Tetrads 1 and 2 apply to the first stages of breath meditation, and if both of them are studied, they include training exercises followed by calming, that is there is a managed alternation between energy and calm:

First tetrad (four steps):

"[1] Breathing in long, he discerns, ‘I am breathing in long’; or breathing out long, he discerns, ‘I am breathing out long.’ [2] Or breathing in short, he discerns, ‘I am breathing in short’; or breathing out short, he discerns, ‘I am breathing out short.’ [3] He trains himself, ‘I will breathe in sensitive to the entire body.’ He trains himself, ‘I will breathe out sensitive to the entire body.’ [4] He trains himself, ‘I will breathe in calming bodily fabrication.’ He trains himself, 'I will breathe out calming bodily fabrication.’—-MN 118

Training oneself to be sensitive to the entire body involves energy. Realizing that the breath is the wind property of the four elements, that could mean being aware of and regulating the flow of energy coursing through the different parts of the body. The skills developed would then apply to the second tetrad where the feeling of joy has to be suffused throughout the body. In both tetrads these trainings are then calmed, so it can be seen how at this early stage skills in awareness of and controlling energy are the focus (Thanissaro).

The name ‘meditation on the breath’ can be misleading as it is meditation on the breath applied to the body, feelings, and mind, and then the process of insight applied to those three.

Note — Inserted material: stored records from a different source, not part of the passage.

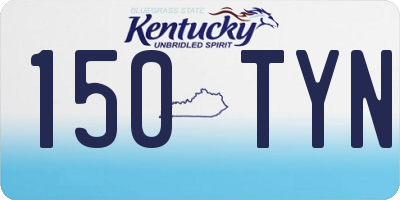 KY license plate 150TYN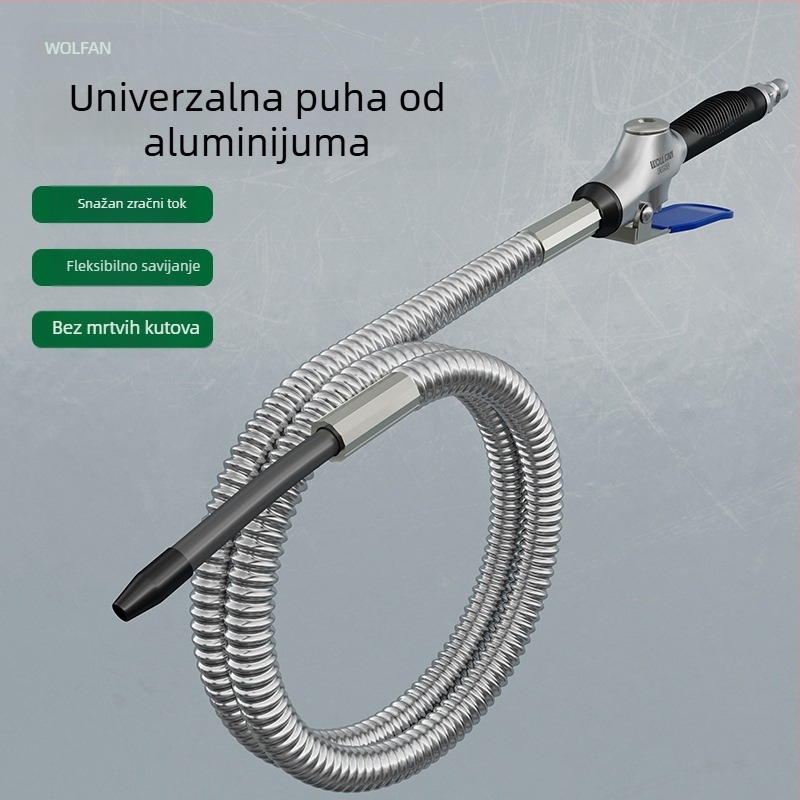 Wallvan sklopivi pneumatski pištolj za puhanje prašine, aluminijski spoj, univerzalno za čišćenje i uklanjanje prašine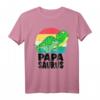 Papasaurus Papa Saurus T-Rex Dinosaurier Family Matching T-Shirt – Humorvolles Vatertagsgeschenk für Dinosaurier-Fans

A generation of western Buddhists got stuck in the monotony of meditating solely on the breath through not paying attention to the sutta and never progressing beyond Steps 1 and 2.

All other structures such as the noble eightfold path (right effort v right concentration) or the seven factors of awakening (investigation, energy, joy (energy) v tranquillity, concentration, equanimity (serenity) contain this interaction between energy and calm.

It is through the alternation of energy and calm that one does not slip into torpor or trance.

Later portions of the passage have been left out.